**Records supplied:**
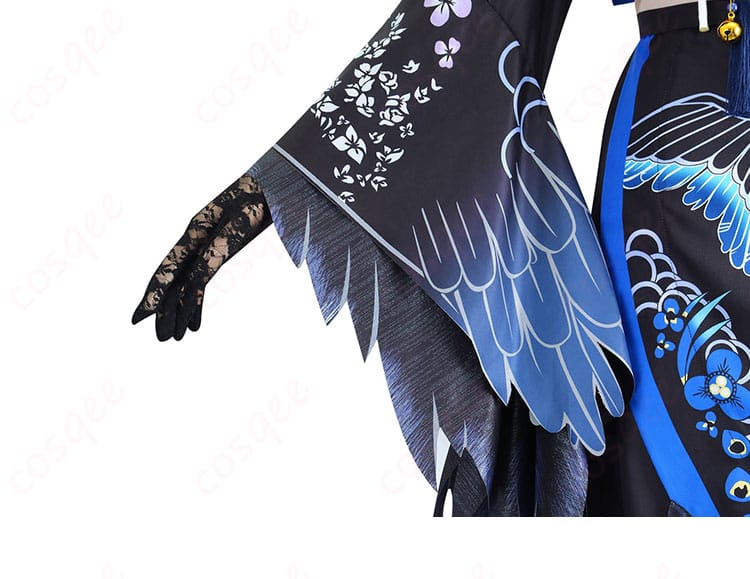 ホロライブのネリッサ・レイヴンクロフト正月衣装の袖デザインの詳細。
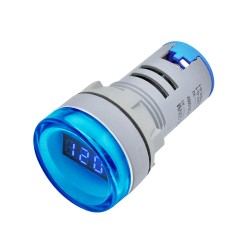 Voltímetro AC tipo luz piloto LED azul de 22mm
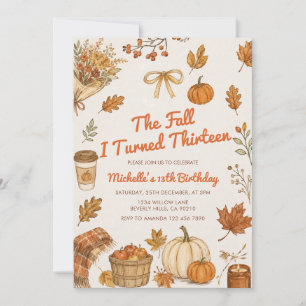 Invitación El otoño en que cumplí trece Cumpleaños de otoño 1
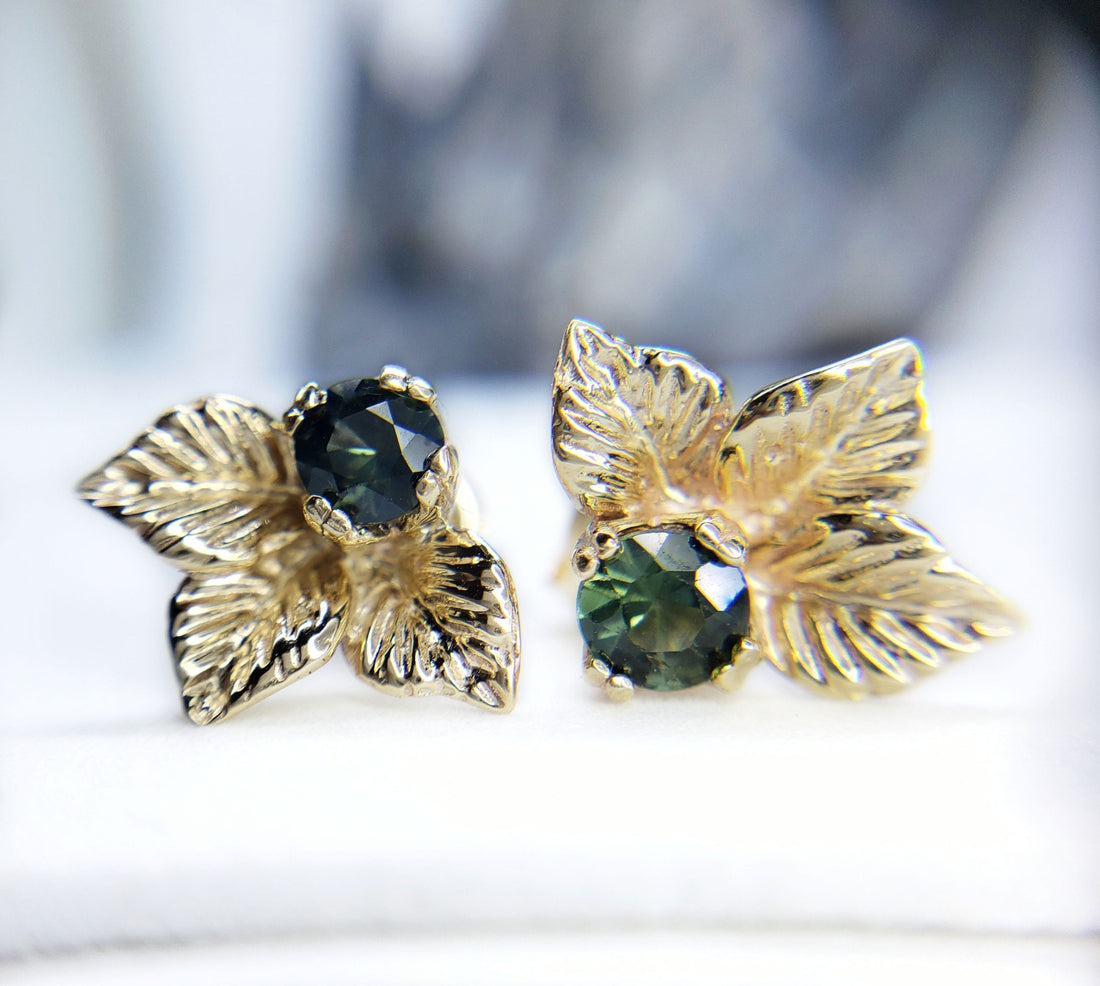 Leaf Trio Studs with Sapphires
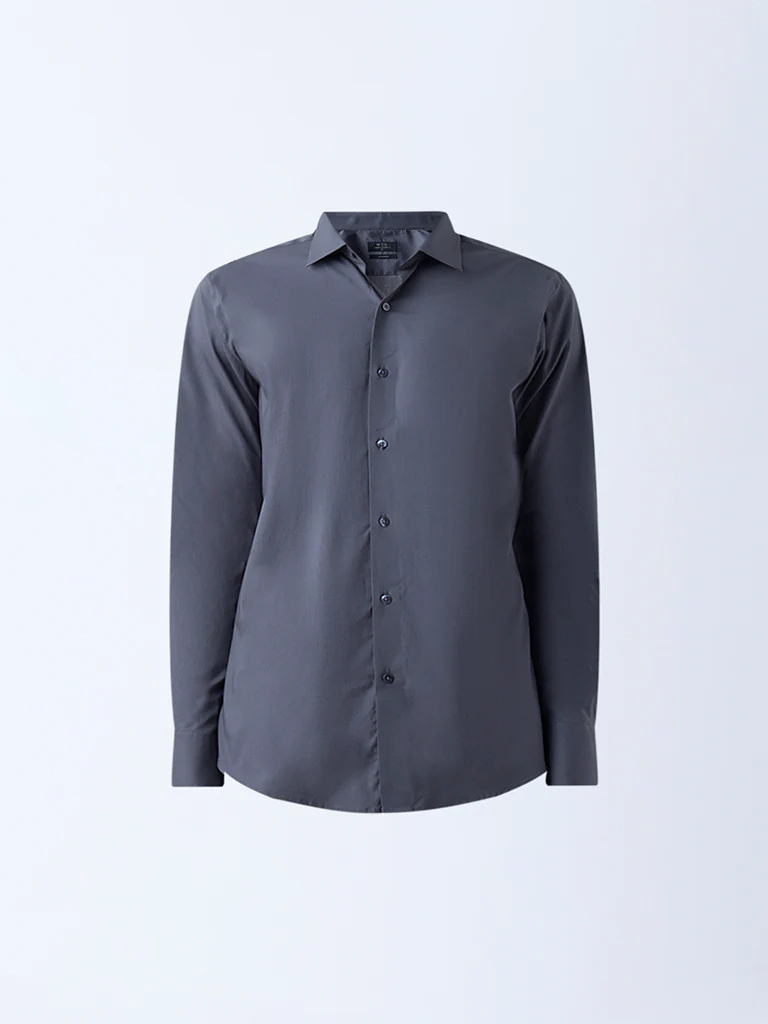 WES Formals Dark Grey Ultra Slim-Fit Cotton-Blend Shirt - Image 6
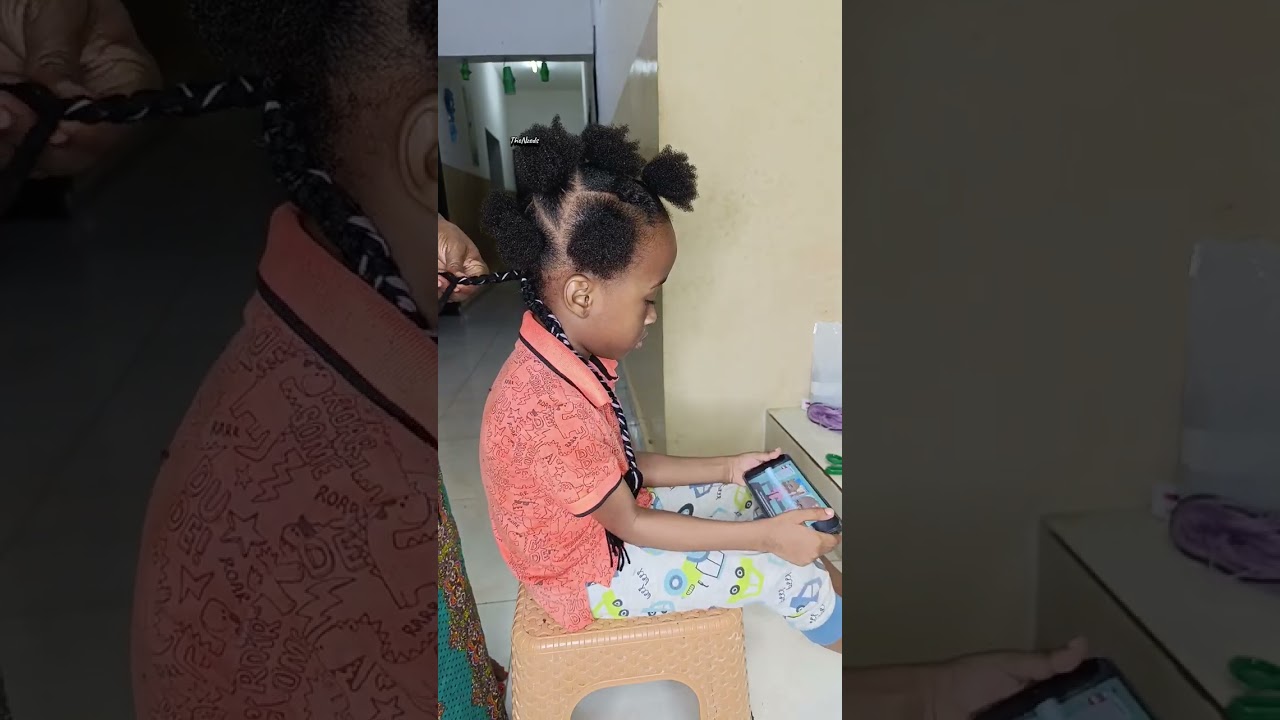 Beautiful baby girl Bantuknots hairstyle with knitting, crotchet wool | Black girl hairstyle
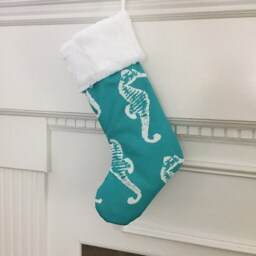 Nautical Christmas Stocking, Turquoise, Teal Christmas, Ocean, Personalized Coastal, Starfish, Chevron 520 562 582 - thumbnail 4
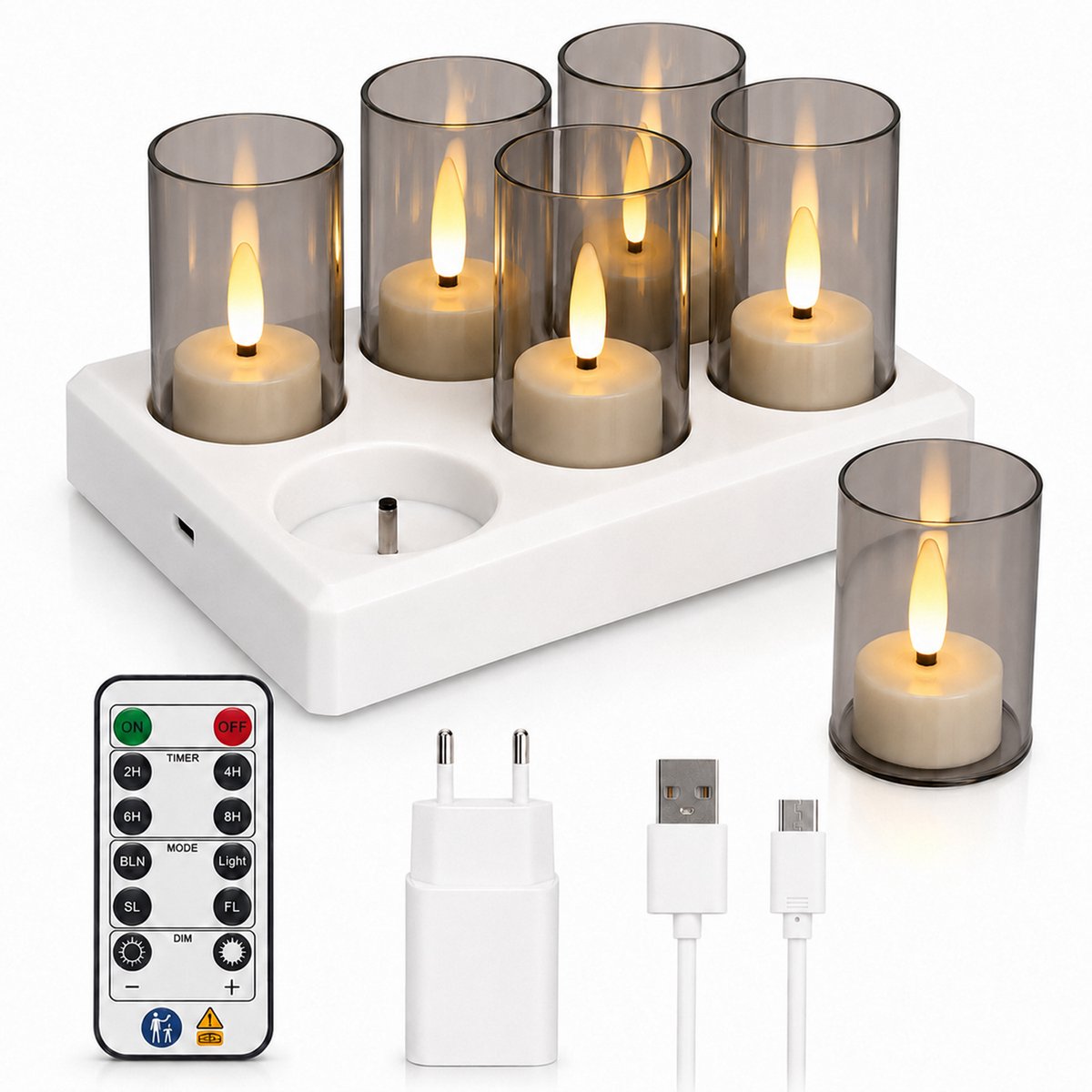 LED Kaarsen - 6-delige Set met Oplaadstation en Afstandsbediening - Dimbare en Timerfunctie - Realistisch Vlamlicht met Grijze Hoezen - Geschikt voor Verjaardag Feest en Woondecoratie - 6 Stuks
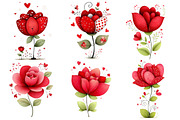 Valentine's Rose Clipart, an Illustration by Pixels.Craft (Thumbnail 3 of 5)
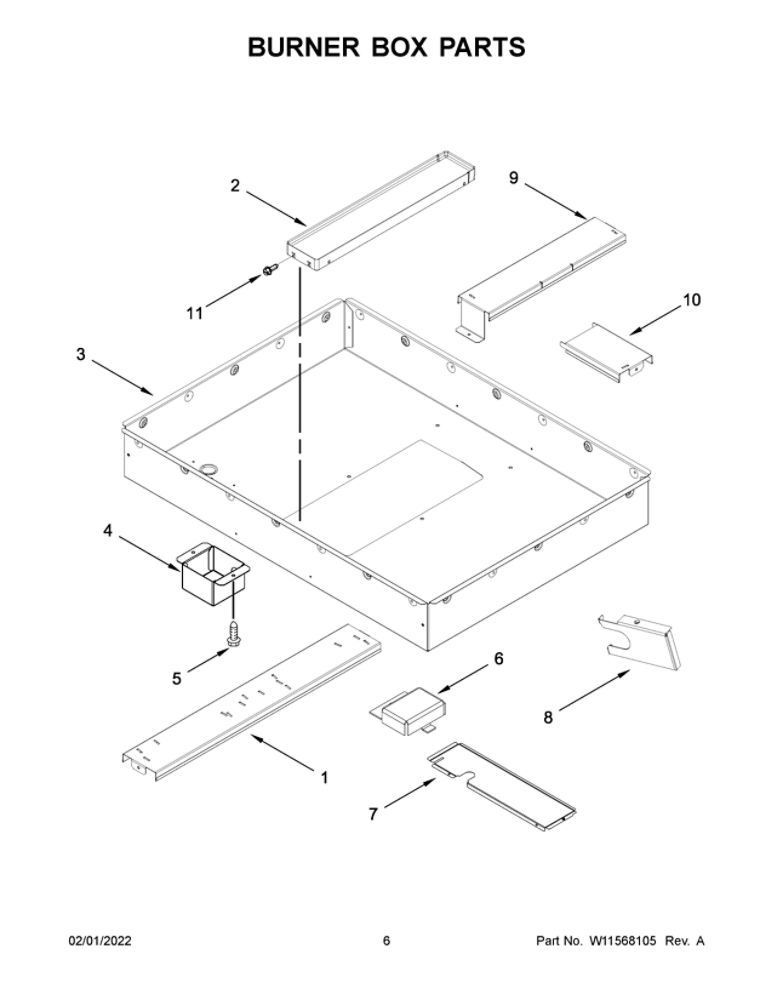 Burner Box Parts Diagram and Parts List for JED4536KS01  Maytag Cooktop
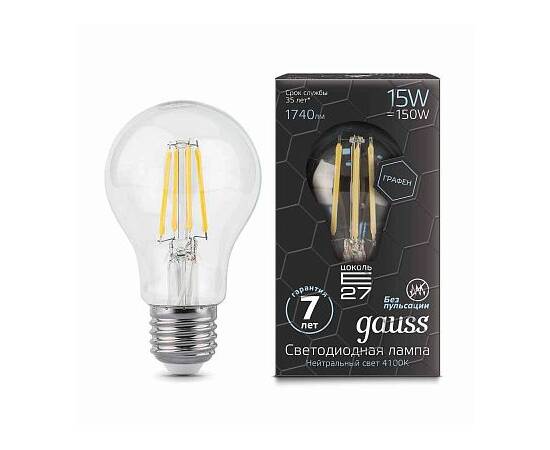 Gauss Filament Graphene ЛОН А60 Е27 15W(1740Im) 4100K 4K 105х60 прозр. стекло нитевидная 102802215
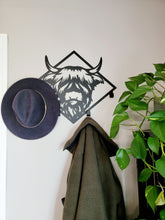 Load image into Gallery viewer, Metal Highland Steer with 4 Hooks
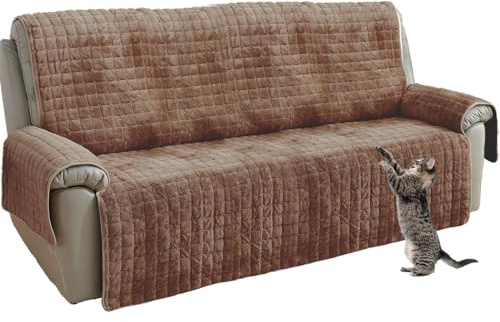 Sofa Armlehnenbezüge, Sesselschoner mit armlehne (Kaffee,3 Sitzer 167x190cm | Sessel-Schutzbezug Anti-Rutsch kratzfest, perfekt für Sofa & Fernsehsessel mit Kindern/Hund, einfache Reinigung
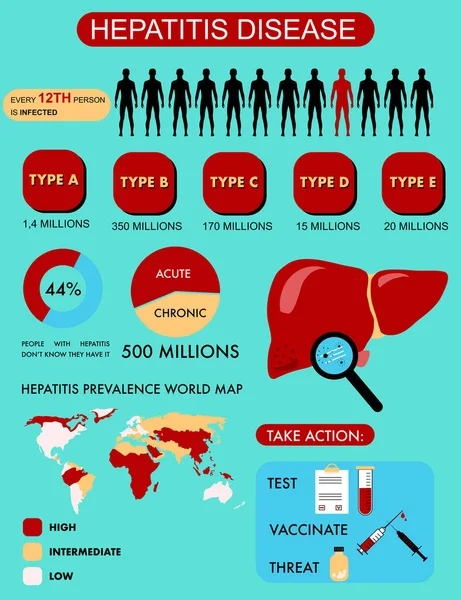 Инфографика Заболеваний Гепатитом Всемирный День Гепатита Июля Плоский Вектор Иллюстрации — стоковый вектор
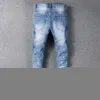 Mäns jeans sokotoo herr strass kristall lapptäcke ljusblå rippade jeans smala passande mager stretch denim byxor t221102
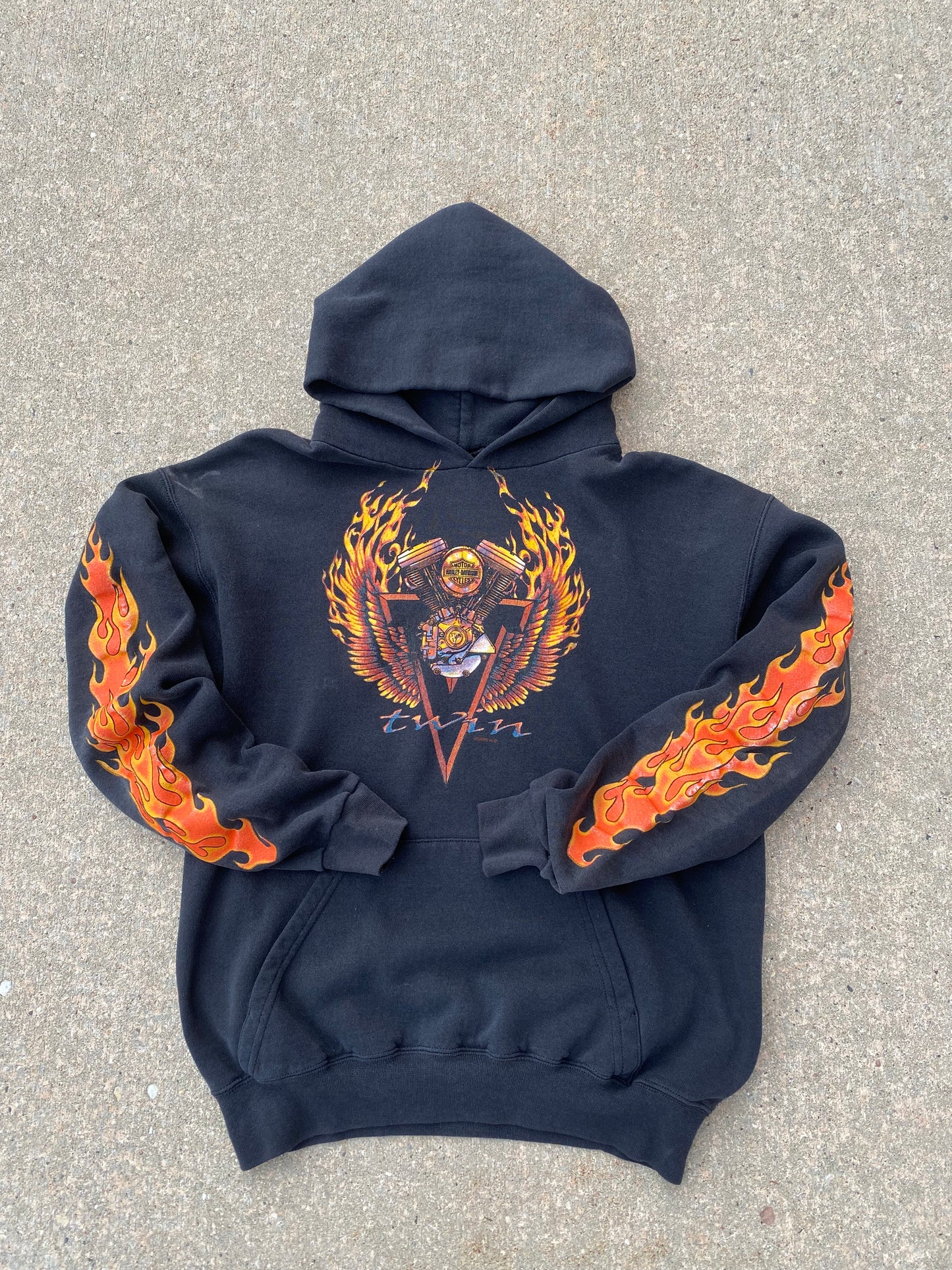 Vintage Harley Davidson Gear Flame Hoodie Size Medium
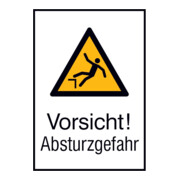 SafetyMarking Panneau d'avertissement Aluminium L262xH371 mm Attention risque de chute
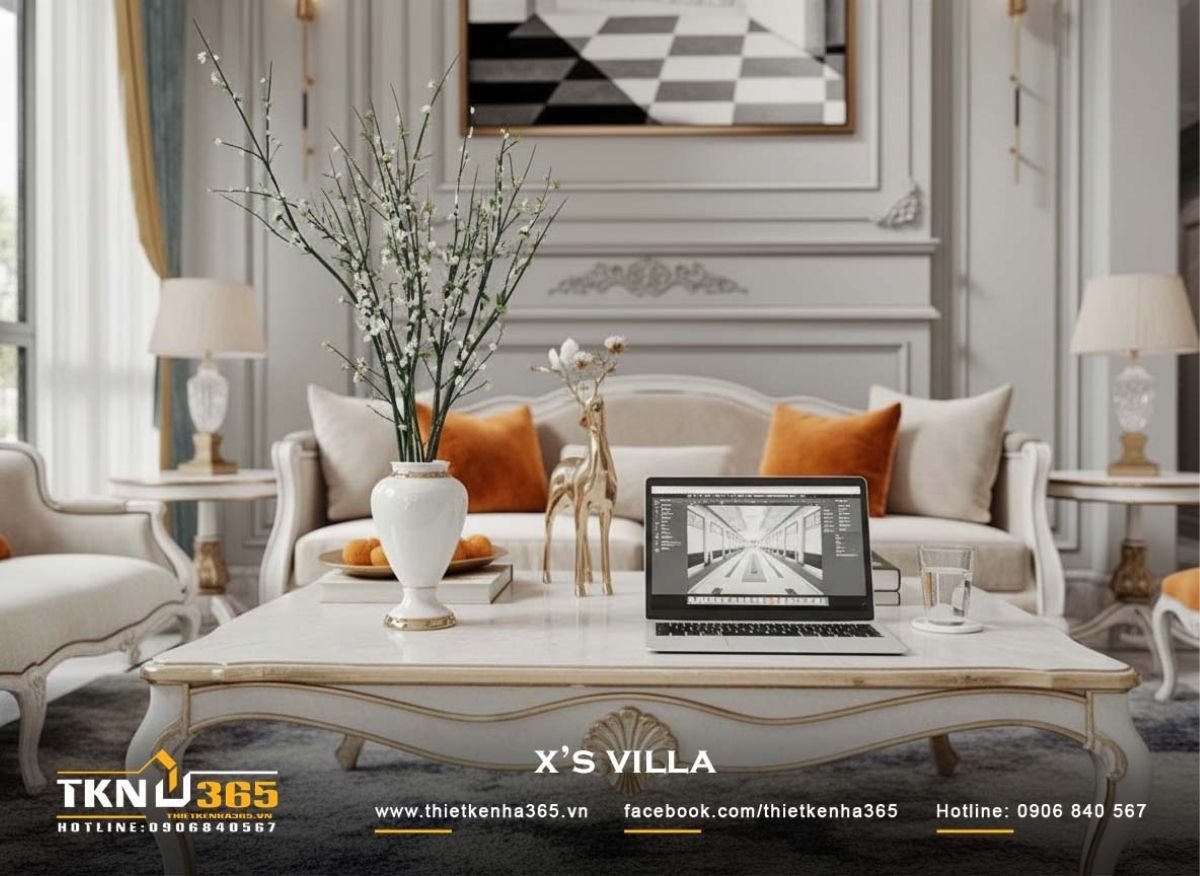 Chi tiết trang tr&iacute; lựa chọn tiết chế, ưu ti&ecirc;n đường cong mềm v&agrave; tỷ lệ vừa phải, gi&uacute;p ph&ograve;ng kh&aacute;ch giữ vẻ sang trọng bền vững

**Task directions:** Reproduce the listing above only between the lines holding "Leaf Trio Studs with Sapphires" and "Gauss Filament Graphene", inclusive. Every line must match exactly, and pictures are dropped.

**The answer:**
 Leaf Trio Studs with Sapphires
 WES Formals Dark Grey Ultra Slim-Fit Cotton-Blend Shirt - Image 6
 Beautiful baby girl Bantuknots hairstyle with knitting, crotchet wool | Black girl hairstyle
 Nautical Christmas Stocking, Turquoise, Teal Christmas, Ocean, Personalized Coastal, Starfish, Chevron 520 562 582 - thumbnail 4
 LED Kaarsen - 6-delige Set met Oplaadstation en Afstandsbediening - Dimbare en Timerfunctie - Realistisch Vlamlicht met Grijze Hoezen - Geschikt voor Verjaardag Feest en Woondecoratie - 6 Stuks
 Valentine's Rose Clipart, an Illustration by Pixels.Craft (Thumbnail 3 of 5)
 Burner Box Parts Diagram and Parts List for JED4536KS01  Maytag Cooktop
 Gauss Filament Graphene ЛОН А60 Е27 15W(1740Im) 4100K 4K 105х60 прозр. стекло нитевидная 102802215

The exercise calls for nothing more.